CLApr 30, 2020

Semi-Supervised Text Simplification with Back-Translation and Asymmetric Denoising Autoencoders

arXiv:2004.14693v139 citations
Originality Incremental advance
AI Analysis

This work addresses the challenge of limited parallel data in text simplification, offering a solution that benefits applications requiring accessible language, though it is incremental in its method adaptation.

The paper tackles the problem of text simplification by leveraging unpaired corpora, proposing asymmetric denoising autoencoders to improve performance, with results showing that the unsupervised model outperforms previous systems and the semi-supervised version is competitive with state-of-the-art methods.

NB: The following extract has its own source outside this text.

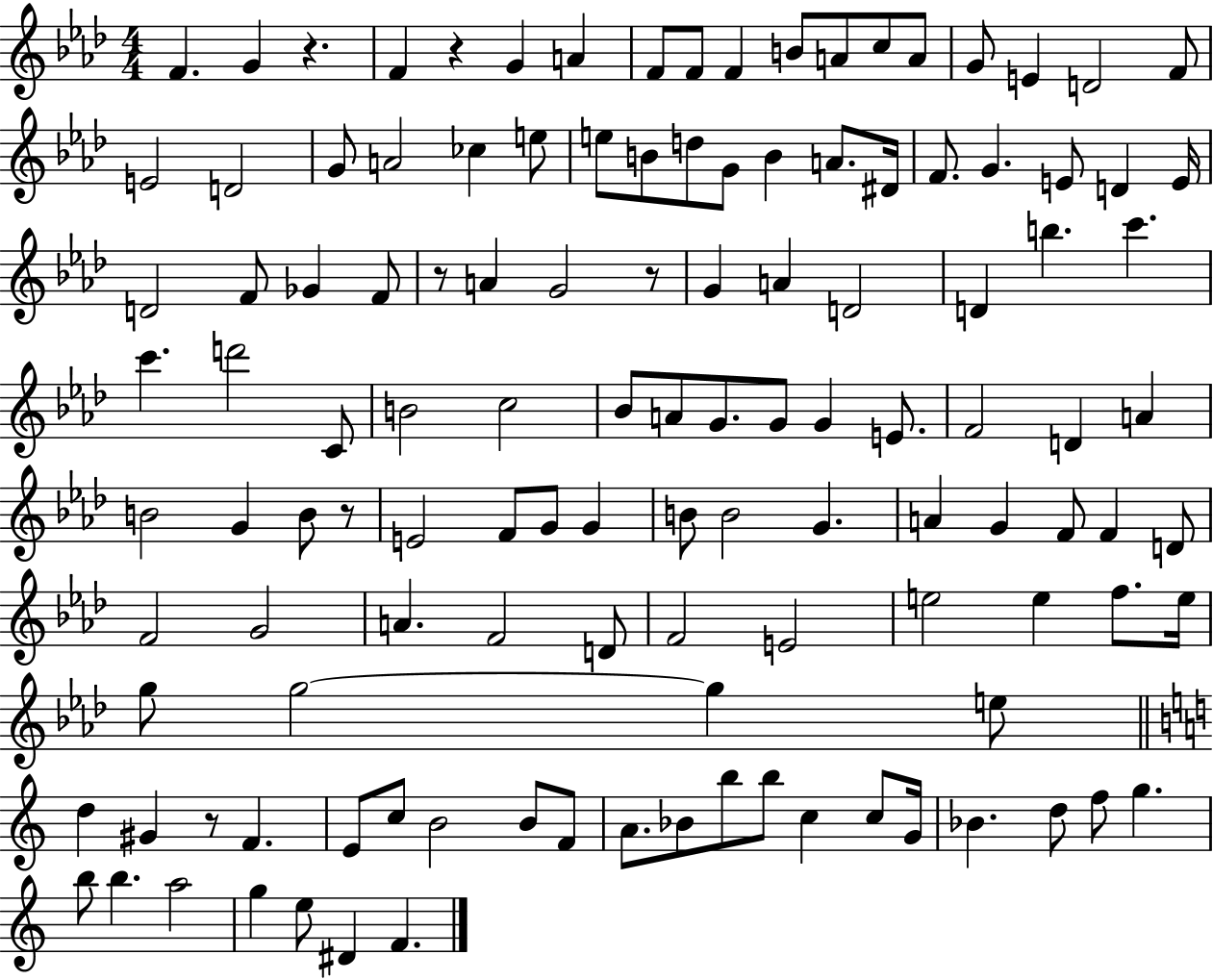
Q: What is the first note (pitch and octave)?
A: F4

Text simplification (TS) rephrases long sentences into simplified variants while preserving inherent semantics. Traditional sequence-to-sequence models heavily rely on the quantity and quality of parallel sentences, which limits their applicability in different languages and domains. This work investigates how to leverage large amounts of unpaired corpora in TS task. We adopt the back-translation architecture in unsupervised machine translation (NMT), including denoising autoencoders for language modeling and automatic generation of parallel data by iterative back-translation. However, it is non-trivial to generate appropriate complex-simple pair if we directly treat the set of simple and complex corpora as two different languages, since the two types of sentences are quite similar and it is hard for the model to capture the characteristics in different types of sentences. To tackle this problem, we propose asymmetric denoising methods for sentences with separate complexity. When modeling simple and complex sentences with autoencoders, we introduce different types of noise into the training process. Such a method can significantly improve the simplification performance. Our model can be trained in both unsupervised and semi-supervised manner. Automatic and human evaluations show that our unsupervised model outperforms the previous systems, and with limited supervision, our model can perform competitively with multiple state-of-the-art simplification systems.